It was officially opened on Friday 28 June 1968 by the Minister of Power, Ray Gunter.

It was named after the former Lindsey pre-1974 local government area of Lincolnshire.

The refinery entered service in May 1968 as a joint project between Total and Fina.

===Operation===
In September 1971 it processed the first North Sea oil from the Norwegian Ekofisk field, from a 30,000 ton tanker.

In 1999, Total took full control of the plant, when it bought Fina.

It used to produce around 35 types of product and process circa 113,000 barrels of oil per day.

Crude oil used to be imported via two pipelines, connecting the 1,000-metre jetty five miles away at the Port of Immingham, to the refinery.

In March 2021, the refinery was bought by Prax Group from Total.

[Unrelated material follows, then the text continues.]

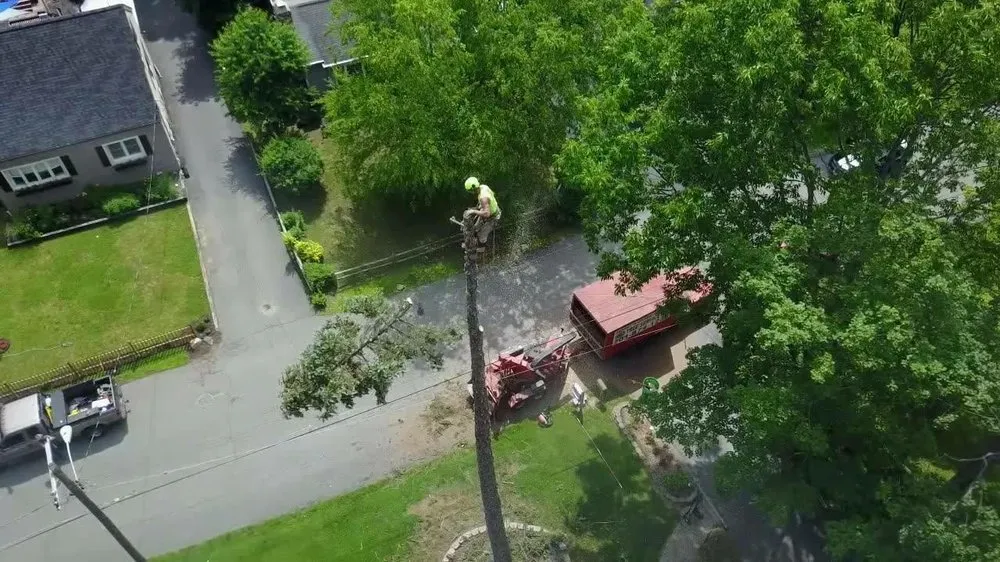 Local garden landscaping with custom design in Hopatcong, NJ by Jersey’s Urban Axe Men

As of 28 April 2026, Phillips 66 Limited owns the assets of Prax Lindsey Oil Refinery Limited, including the site in Lincolnshire, plus Prax Storage Lindsey Limited, Prax Terminals Killingholme Limited, Prax Terminals Jarrow Limited and Prax Downstream UK Limited.

===Production units===
More units were added, to take refining capacity to 7 million tons in the early 1970s, at a cost of £10 million. The French and Belgian companies had a half of the total capacity each.

From 1973 a 64-mile pipeline was built, to the north west by Total. The £500,000 oil terminal, in Leeds, had opened in April 1968, with oil transported by British Rail.

Further units added, from 1976, to open in 1979, costing £58 million. 1,500 construction workers worked on the development.

By 1977 it was the sixth-largest refinery in the UK, processing around 10 million tonnes. A catalytic cracker was built from 1977, which would process 1 million tonnes per year, being one third more efficient at fuel processing than previous technology.

In the 1980s, a fluid catalytic cracker, an alkylation unit, a visbreaker, and an MTBE (Methyl tert-butyl ether) unit (for high octane petrol) were added. In May 1982 a £50 million development was begun.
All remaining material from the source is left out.